The Great Day of His Wrath-  John Martin 1852

I have been hearing  “the end is coming" since I can remember, but the story of apocalypse is as old as time itself. Whenever we are in crises, prophets arise to interpret unprecedented or shocking events. I suppose if we go back through history, we will find that the bad times were a presage to good times- that what seems like a meltdown of society, of culture, of all that we hold dear, is really a wake-up call to faith, a sign of God’s coming judgment or both.  Jesus even told His disciples, “Take heed, keep on the alert; for you do not know when the appointed time is” (Mk 13:33). 

In these most uncertain times we are finding great cracks in what we thought to be stable, unshakable. We thought we had, for the most part, overcome racial discrimination, only to find we have failed miserably.  We thought our economy could only get better, that our children  would have a better future, and on and on.

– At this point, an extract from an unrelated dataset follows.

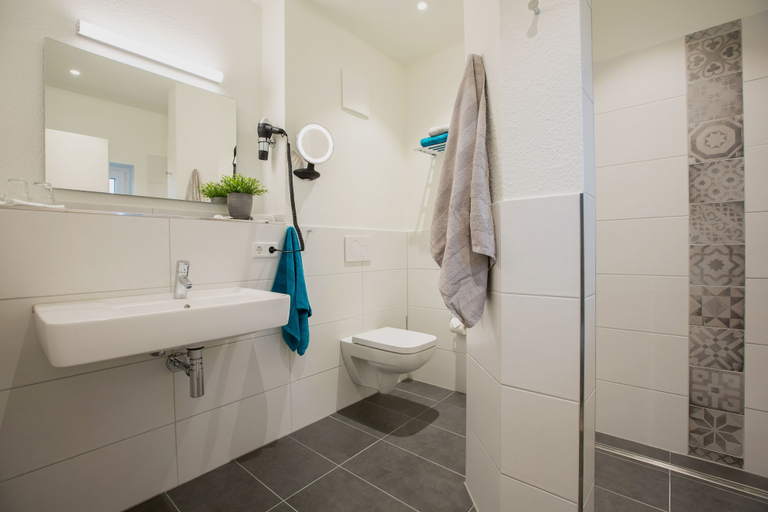 Bathroom 5, Nordsee Lodge, Nordfriesland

It seems our whole world, especially our own country, has been turned upside down!  Now we are looking for some sort of "new norm".
Father Rupnik
We know one thing for certain: we do not know what will come next. This uncertainty and lack of foreknowledge must not stop us from  living our lives to the fullest- of finding new ways  to be better- to be holy. The best way is to care for each other and connect in the many ways that we can and through the Eucharist.  While we may ponder the uncertain future, we have the presence of Christ with us in the Eucharist.
Why wait for His coming when He is already here?

We must be grateful for the days that come, no matter how dark or dire they seem to be. We may not be able to celebrate the Mass in church in person, but our every day and every action must become an offering on the spiritual altar of our lives.